_Aim of the exercise_. Omit images. Retype all entries verbatim.

==*==

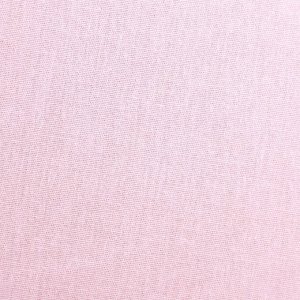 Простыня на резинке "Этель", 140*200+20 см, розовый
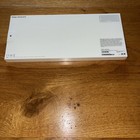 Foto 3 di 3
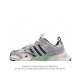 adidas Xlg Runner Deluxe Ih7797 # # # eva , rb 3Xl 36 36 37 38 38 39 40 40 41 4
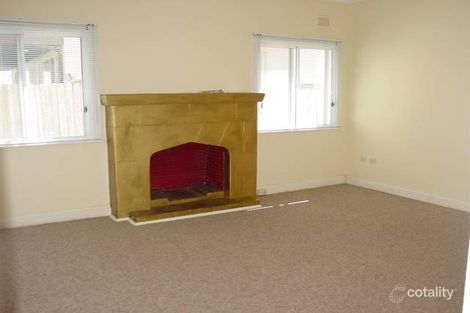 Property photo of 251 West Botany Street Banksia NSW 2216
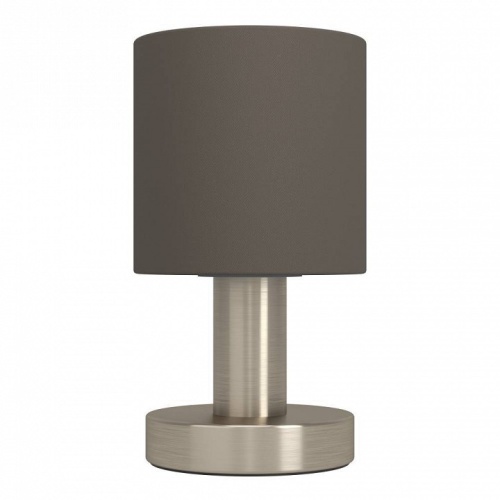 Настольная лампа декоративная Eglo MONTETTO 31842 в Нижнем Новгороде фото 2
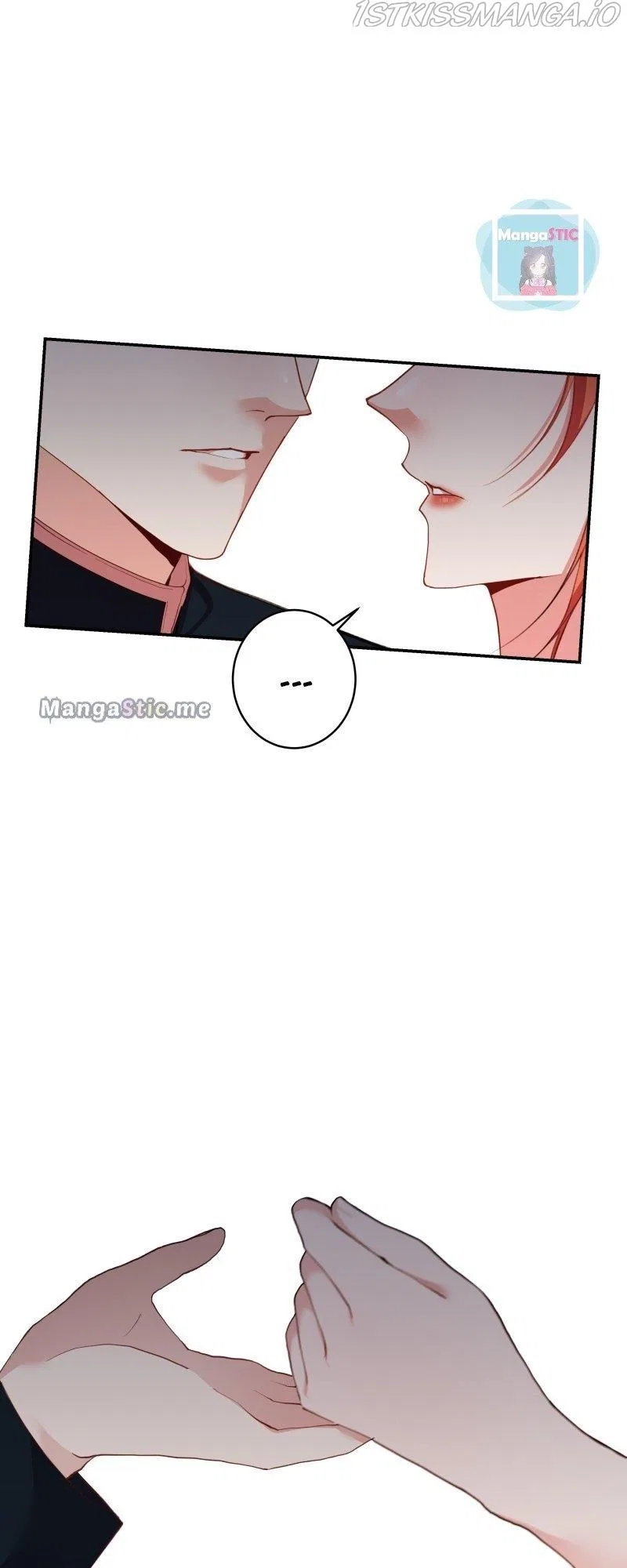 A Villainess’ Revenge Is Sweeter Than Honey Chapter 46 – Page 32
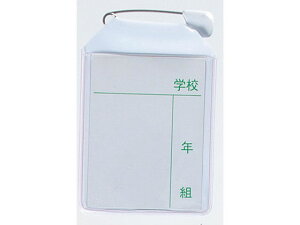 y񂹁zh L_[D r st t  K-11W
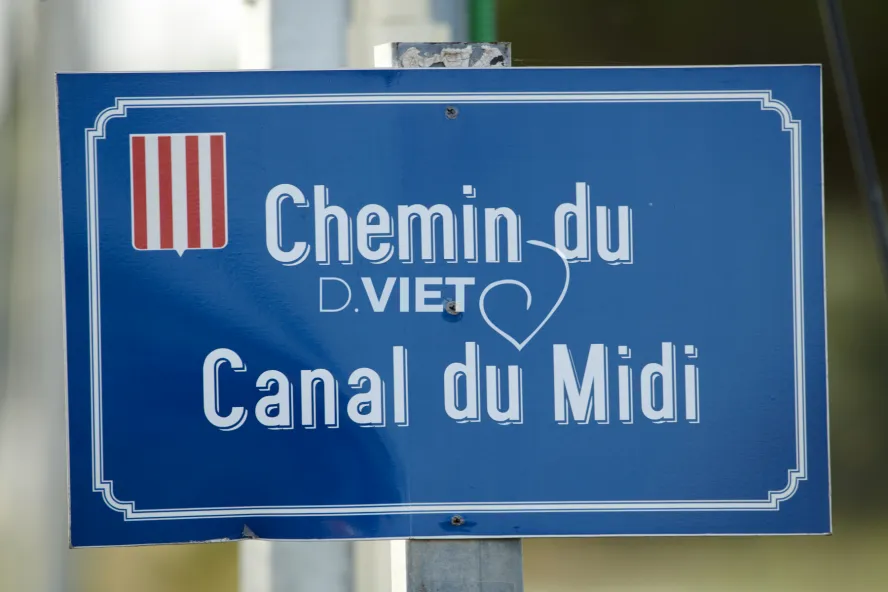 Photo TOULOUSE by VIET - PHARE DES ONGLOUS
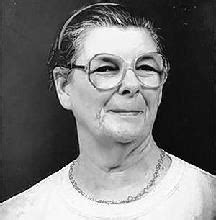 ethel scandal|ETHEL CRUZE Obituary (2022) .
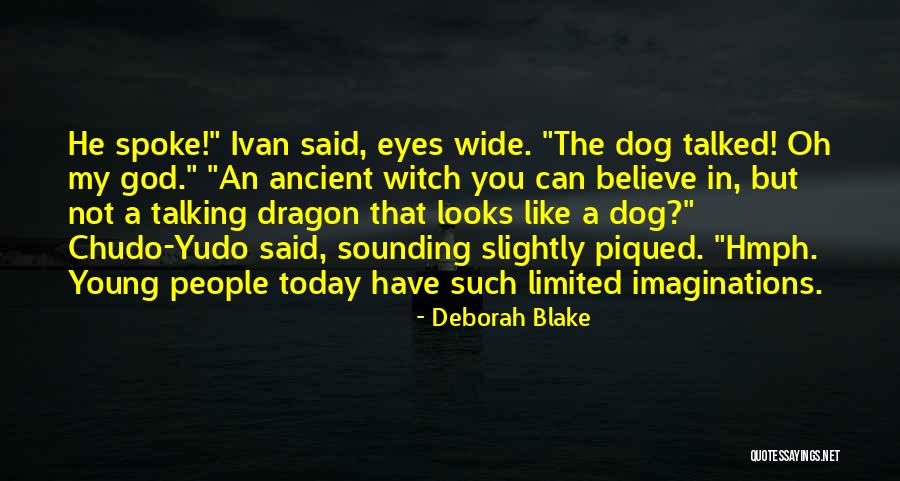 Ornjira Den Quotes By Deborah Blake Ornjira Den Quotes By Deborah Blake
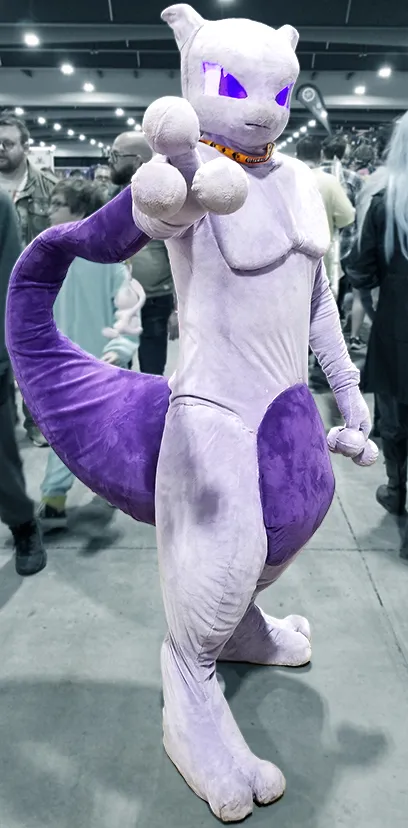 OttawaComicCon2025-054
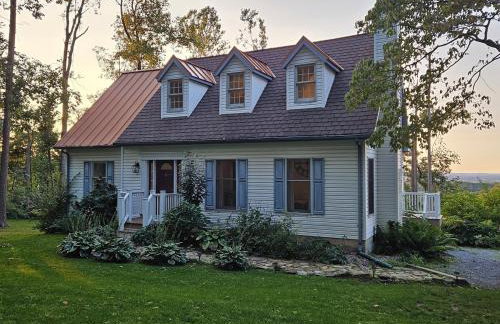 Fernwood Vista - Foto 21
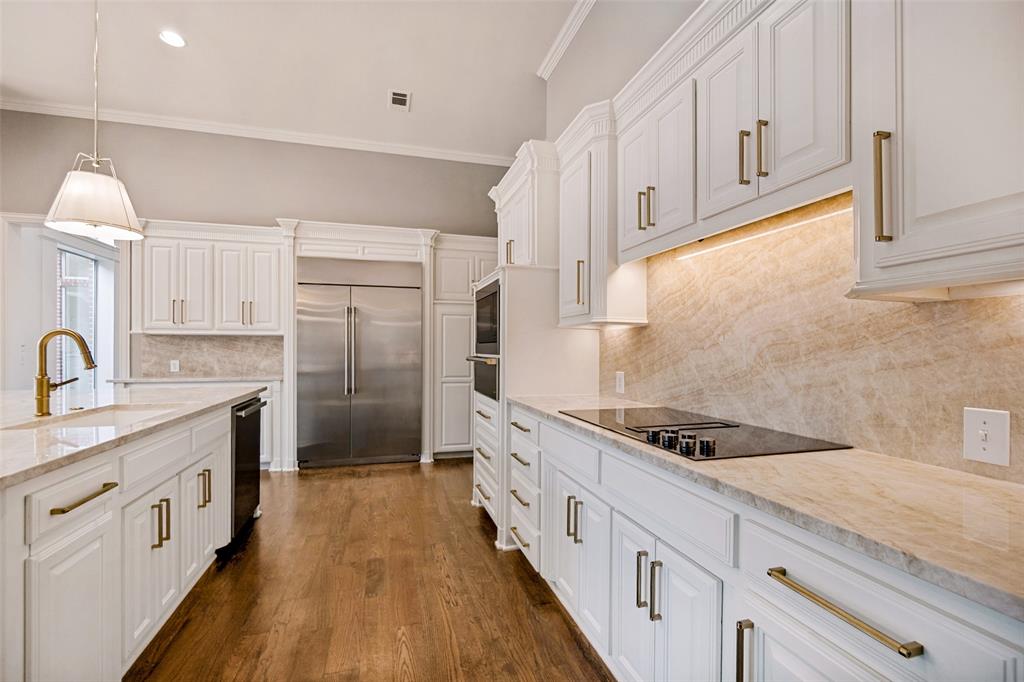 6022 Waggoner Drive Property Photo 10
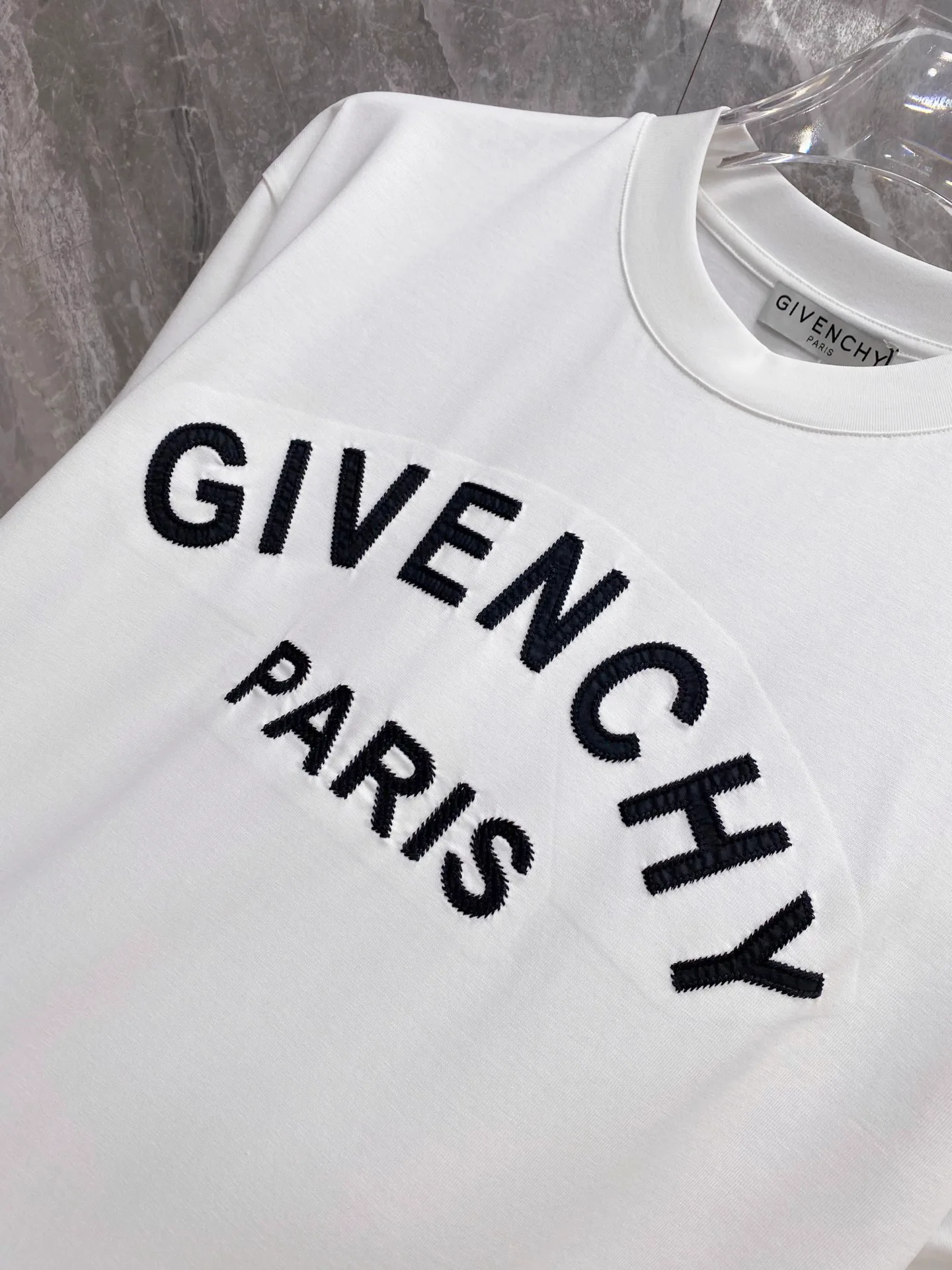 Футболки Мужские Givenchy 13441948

==*==

_Task answer_.
 Простыня на резинке "Этель", 140*200+20 см, розовый
 Foto 3 di 3
 adidas Xlg Runner Deluxe Ih7797 # # # eva , rb 3Xl 36 36 37 38 38 39 40 40 41 4
 Property photo of 251 West Botany Street Banksia NSW 2216
 Настольная лампа декоративная Eglo MONTETTO 31842 в Нижнем Новгороде фото 2
 A Villainess’ Revenge Is Sweeter Than Honey Chapter 46 – Page 32
 y񂹁zh L_[D r st t  K-11W
 Photo TOULOUSE by VIET - PHARE DES ONGLOUS
 ethel scandal|ETHEL CRUZE Obituary (2022) .
 Ornjira Den Quotes By Deborah Blake Ornjira Den Quotes By Deborah Blake
 OttawaComicCon2025-054
 Fernwood Vista - Foto 21
 6022 Waggoner Drive Property Photo 10
 Футболки Мужские Givenchy 13441948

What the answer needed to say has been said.